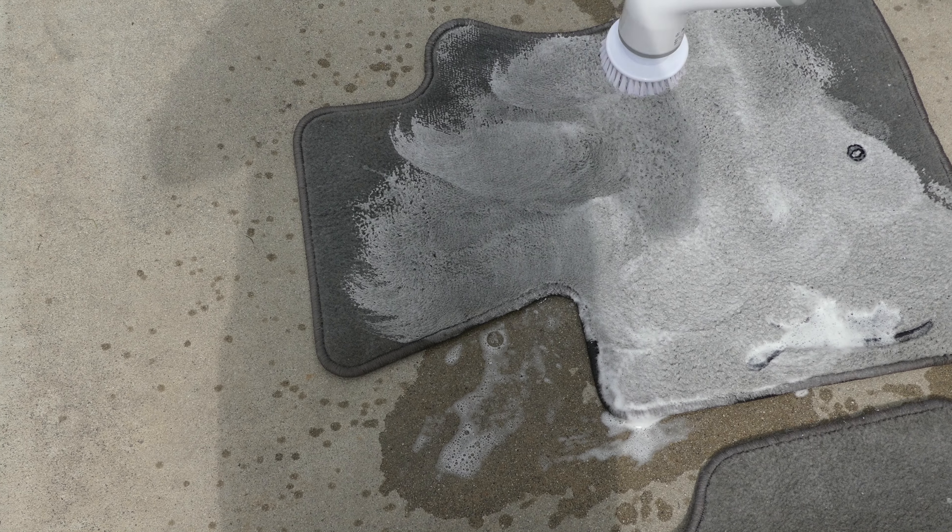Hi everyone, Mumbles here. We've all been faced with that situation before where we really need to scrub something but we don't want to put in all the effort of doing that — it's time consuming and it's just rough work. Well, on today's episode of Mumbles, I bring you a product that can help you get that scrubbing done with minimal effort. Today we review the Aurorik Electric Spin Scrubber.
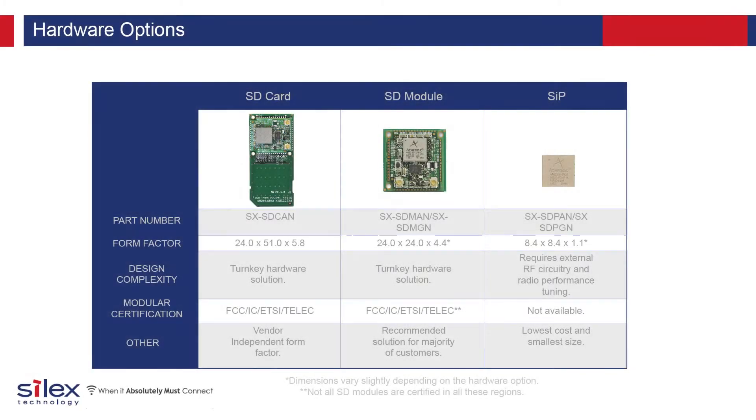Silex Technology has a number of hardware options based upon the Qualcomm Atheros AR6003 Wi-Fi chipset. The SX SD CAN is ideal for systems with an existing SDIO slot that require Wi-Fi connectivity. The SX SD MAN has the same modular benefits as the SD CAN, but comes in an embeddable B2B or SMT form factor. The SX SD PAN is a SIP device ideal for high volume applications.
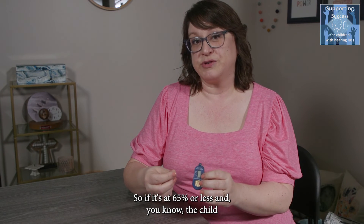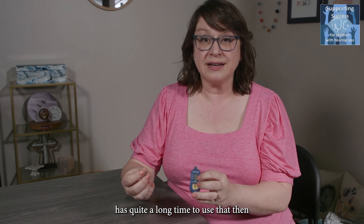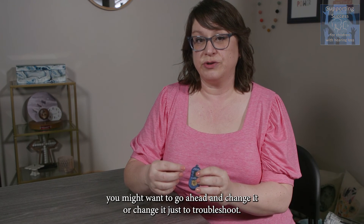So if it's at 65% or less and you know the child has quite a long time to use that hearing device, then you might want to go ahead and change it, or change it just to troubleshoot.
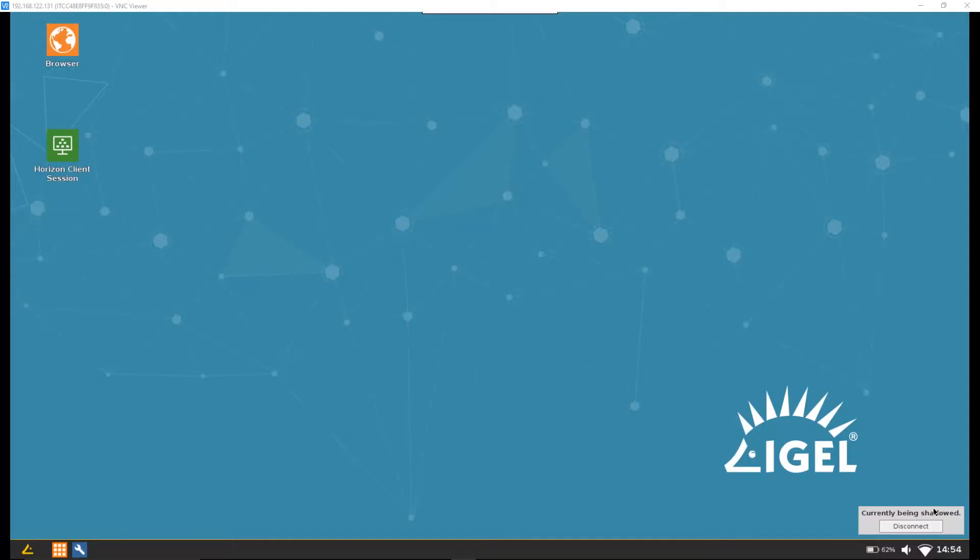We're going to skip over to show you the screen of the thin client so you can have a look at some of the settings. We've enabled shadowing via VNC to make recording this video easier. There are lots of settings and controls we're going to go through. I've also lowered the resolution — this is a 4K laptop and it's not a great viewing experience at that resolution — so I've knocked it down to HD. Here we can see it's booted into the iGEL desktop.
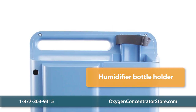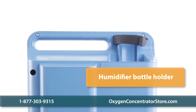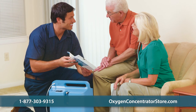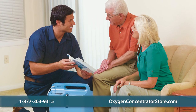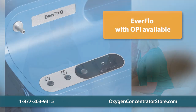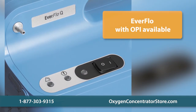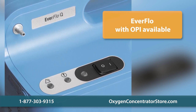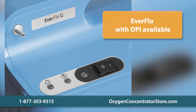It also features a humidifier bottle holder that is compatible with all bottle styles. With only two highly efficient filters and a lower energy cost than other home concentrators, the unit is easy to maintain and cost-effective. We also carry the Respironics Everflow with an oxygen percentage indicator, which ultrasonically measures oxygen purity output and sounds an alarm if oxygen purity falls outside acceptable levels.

• • • • •

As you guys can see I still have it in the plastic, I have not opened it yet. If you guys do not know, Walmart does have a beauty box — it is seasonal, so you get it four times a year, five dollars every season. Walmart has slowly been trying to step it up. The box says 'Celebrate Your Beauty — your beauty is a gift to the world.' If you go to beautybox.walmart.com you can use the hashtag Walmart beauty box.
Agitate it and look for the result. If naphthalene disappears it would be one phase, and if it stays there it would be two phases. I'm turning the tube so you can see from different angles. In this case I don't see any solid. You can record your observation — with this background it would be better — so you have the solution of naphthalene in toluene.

• • • • •

- **EXERCISE DIRECTIONS**
No picture is to be printed. Output exactly the lines above from the line containing "We're going to skip" through the line containing "It also features".

- **EXERCISE RESPONSE**
We're going to skip over to show you the screen of the thin client so you can have a look at some of the settings. We've enabled shadowing via VNC to make recording this video easier. There are lots of settings and controls we're going to go through. I've also lowered the resolution — this is a 4K laptop and it's not a great viewing experience at that resolution — so I've knocked it down to HD. Here we can see it's booted into the iGEL desktop.
It also features a humidifier bottle holder that is compatible with all bottle styles. With only two highly efficient filters and a lower energy cost than other home concentrators, the unit is easy to maintain and cost-effective. We also carry the Respironics Everflow with an oxygen percentage indicator, which ultrasonically measures oxygen purity output and sounds an alarm if oxygen purity falls outside acceptable levels.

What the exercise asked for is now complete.